Pero ¿cómo era un local de prostitutas en el Nueva York de los años veinte
y treinta? Pues la mayoría tenía decoración “francesa, Luis XV y Luis XVI, que
es algo tradicional en un burdel”, y el de Adler, además de esto, mostraba una
mezcla de estilos, con objetos de tipo egipcio y chino que años más tarde la
propia Adler calificará de ridícula pero que le servía para dar carácter tan elitista
como mundano a su propósito: que su nombre y la expresión “ir donde Polly”
fuera sinónimo de practicar “el deporte de interior más popular del mundo”. La
madame ya había convertido su casa en su vida entera, y el boca-oreja en la
ciudad funcionaba y revertía en más y más clientes, lo que alimentaba el deseo
de Adler de conseguir dinero suficiente, con veinticuatro años, para cerrar el
local y conseguir un marido. Algo que no sucedería pese a enamorarse de un
miembro de una orquesta con quien no se querrá casar para evitar que fuera
víctima de las pullas por juntarse con una madame, y tener además como
pretendiente a una estrella de cine.

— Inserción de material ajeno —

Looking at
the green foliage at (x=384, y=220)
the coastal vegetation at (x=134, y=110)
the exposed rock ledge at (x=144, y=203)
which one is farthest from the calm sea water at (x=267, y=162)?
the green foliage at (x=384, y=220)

Como en una adicción imposible de evitar,
la autora irá entendiendo que el negocio de la prostitución no entendía de
crisis y que “difícilmente habría escogido una época mejor en la que ser
madame”, llena de golferío, derroche y embriaguez, en la que el único pecado
imperdonable, según sus palabras, era ser pobre.
La codicia del dinero lo gobernará todo: la decisión de innumerables chicas
que recurren a Polly en busca de una ocupación temporal que no será tal, pues
se extenderá en el tiempo y en muchas ocasiones acabará en problemas de drogas
o alcoholismo; los hombres que, tras el crac del 29 o la Segunda Guerra, buscarán
consuelo evasivo en su prostíbulo; los policías corruptos que reciban unos
dólares a cambio de cerrar el pico; los gánsteres, mafiosos y contrabandistas
que usarán la Ley Seca para disfrutar de sus días más prósperos…
En continuo peligro
Esta situación en la que la relación con todo tipo de gente estaba basada
tanto en lo económico implicará continuos peligros. Aparte de las redadas y los
calabozos por los que pasó, Adler tendría que vérselas con matones que la
agredirían gravemente y con la sombra permanente de verse vigilada y a punto de
ser arrestada. Pero ello no parecerá disuadirla, sino hacer evolucionar su
negocio en pos de sobrevivir, como cuando fue restringiendo más su clientela “a
las esferas superiores de la vida social, financiera, literaria y teatral. Como
resultado, mi casa comenzó a tener la atmósfera especial que la haría única
entre los burdeles contemporáneos. Se convirtió en lugar de reunión de
intelectuales y magnates de los negocios y hombres con altos puestos en el
gobierno, así como vividores y vástagos de riquezas heredadas”. En este
sentido, son muy ilustrativas todas las explicaciones que da Adler, una gran
observadora de la psicología humana, para justificar por qué y cómo muchos
hombres atractivos y de buena cuna iban paradójicamente a su establecimiento,
que ya era tanto un prostíbulo como un bar clandestino con el que se hizo de
oro.
Por cada chica que aceptaba, tenía que rechazar a cuarenta, dice. Sin
tapujos, pero tampoco con morbosidad alguna, Adler detalla su vínculo con
muchas mujeres a las que dio trabajo o ayudó de alguna manera, siempre con la
conciencia clara de que una puta “es un producto de nuestra llamada cultura”,
como lo es un profesor o un limpiabotas; aunque en su caso se sufriera todo un
círculo vicioso: gastarse el dinero ganado como excusa para seguir en el
negocio. Un negocio que conoció y –a tenor de este libro– explicó como nadie
esta inmigrante judía que hasta se puso a estudiar en su edad madura para ser
capaz de expresarse mejor en su lengua de adopción.